When Cuauhtemoc is elected tlatoani in 1520,…
December 1520 CE
In keeping with traditional practice, the most able candidate among the high noblemen is chosen by vote of the highest noblemen, and Cuauhtemoc assumes the rulership.
Although under Cuitlahuac, Tenochtitlan begins mounting a defense against the invaders, it is increasingly isolated militarily and largely faces the crisis alone, as the numbers of Spanish allies increase with the desertion of many polities previously under its control.
Cuauhtemoc does not enter the historical record until he becomes emperor.

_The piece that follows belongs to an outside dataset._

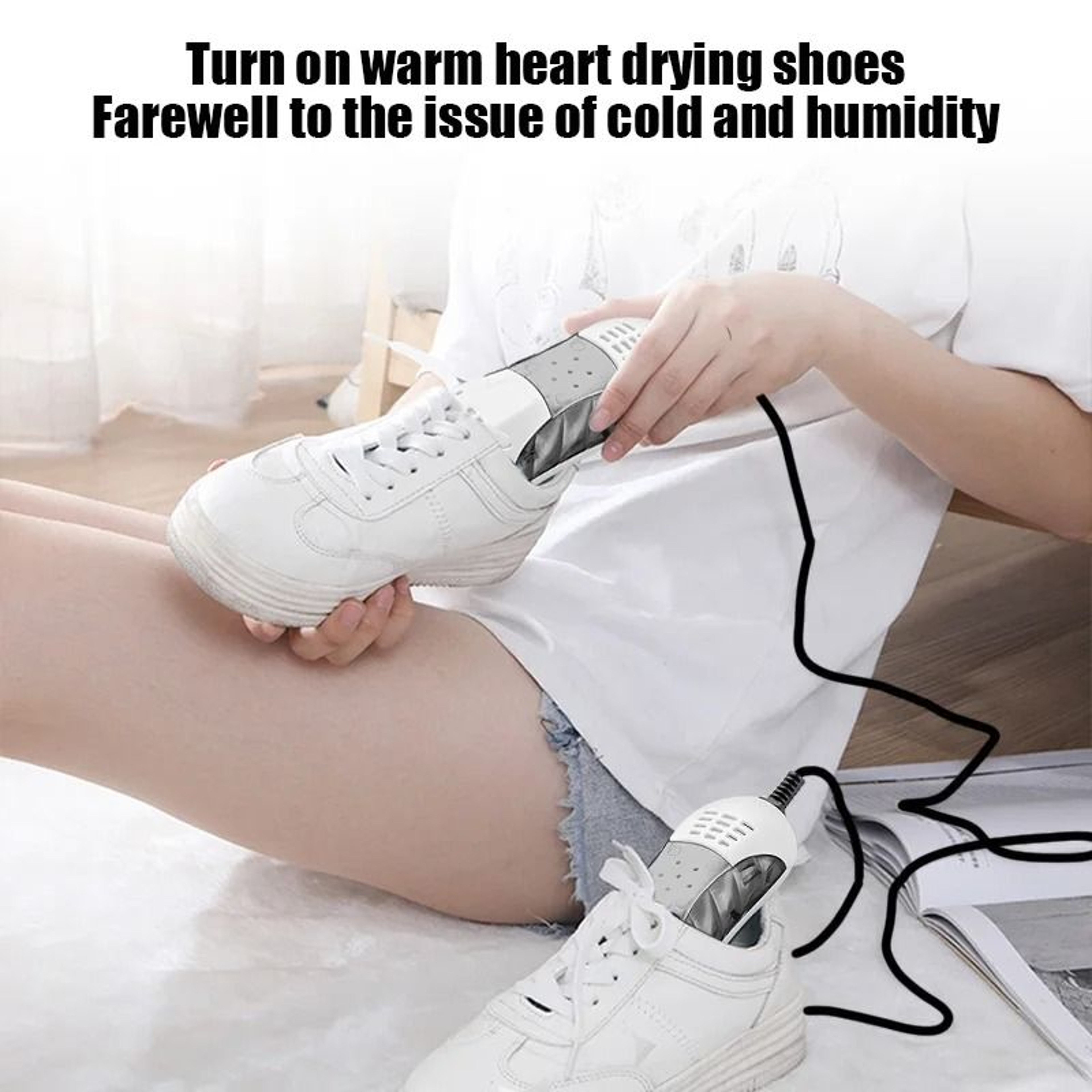 Electric Shoe Dryer And Deodorizer With UV Sterilization For Fast Drying And Odor Elimination 5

His birth date is unknown.
He is the eldest legitimate son of emperor Ahuitzotl and may well have attended the last New Fire ceremony marking the beginning of a new fifty-two-year cycle in the Aztec calendar.
Like the rest of Cuauhtemoc's early biography, this is inferred from knowledge of his age, and the likely events and life path of someone of his rank.
Following education in the calmecac, the school for elite boys, then military service, he had been named ruler of Tlatelolco, with the title cuauhtlatoani ("eagle ruler") in 1515.
To have reached this position of rulership, Cuauhtemoc had to have been a male of high birth, and a warrior who had captured enemies for sacrifice.